Activity: Please restate word for word the lines from the top of the entries through the line that contains "Bolivar had gone", and do not include any pictures.

[Data extracted from a collection]
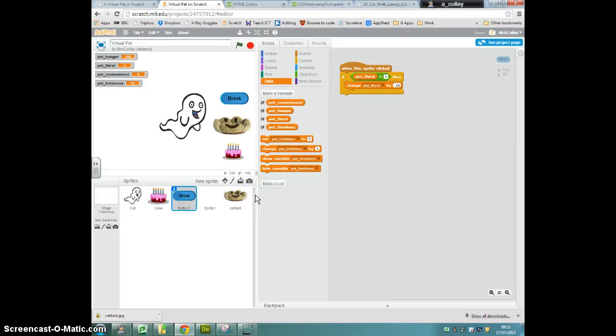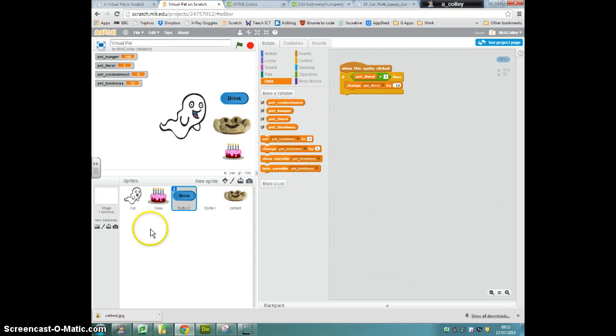Okay, this video is going to show you how to make a list for things that our pet is going to say when it is hungry. To do that, you need to be in the data tab and you need to click make a list.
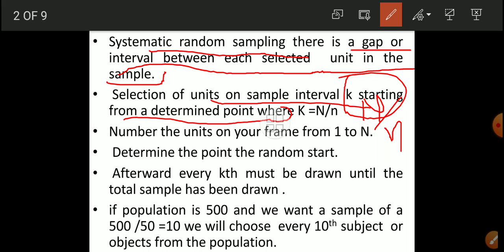We want to select a sample of 50 out of those 500 students. What do we do? Population divided by sample size: 500 divided by 50 equals 10. So the interval k equals 10. Every 10th student is selected — 1, 2, 3, 4, 5, 6, 7, 8, 9, 10th student — then start again.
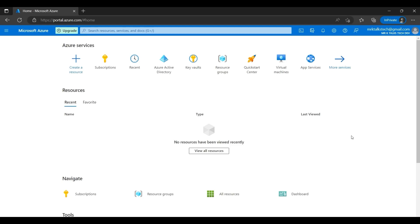Hello everyone, welcome to my channel. In the last video we saw the Azure portal overview — the tenant, subscription, resource group, how these look in the Azure portal, and some services provided by Azure in different categories. In this video we'll be creating a new resource group and exploring how we can give access to different users, what access roles are available in Azure, and all other stuff. Let's start.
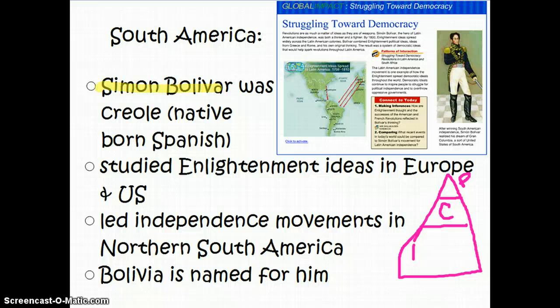Bolivar had gone to university and studied the ideas of the Enlightenment — people like Locke, Montesquieu, and Rousseau — who spoke out about freedom, the right to rule yourself, governmental protection, and that sort of thing. And so he leads independence movements in northern South America.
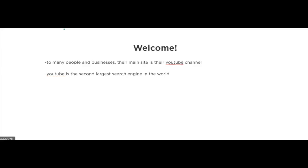A lot of traffic courses focus on how to drive traffic to their websites, but you know what? To many people and businesses, their main site is their YouTube channel.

Solution to the problem:
Okay, this video is going to show you how to make a list for things that our pet is going to say when it is hungry. To do that, you need to be in the data tab and you need to click make a list.
We want to select a sample of 50 out of those 500 students. What do we do? Population divided by sample size: 500 divided by 50 equals 10. So the interval k equals 10. Every 10th student is selected — 1, 2, 3, 4, 5, 6, 7, 8, 9, 10th student — then start again.
Hello everyone, welcome to my channel. In the last video we saw the Azure portal overview — the tenant, subscription, resource group, how these look in the Azure portal, and some services provided by Azure in different categories. In this video we'll be creating a new resource group and exploring how we can give access to different users, what access roles are available in Azure, and all other stuff. Let's start.
Bolivar had gone to university and studied the ideas of the Enlightenment — people like Locke, Montesquieu, and Rousseau — who spoke out about freedom, the right to rule yourself, governmental protection, and that sort of thing. And so he leads independence movements in northern South America.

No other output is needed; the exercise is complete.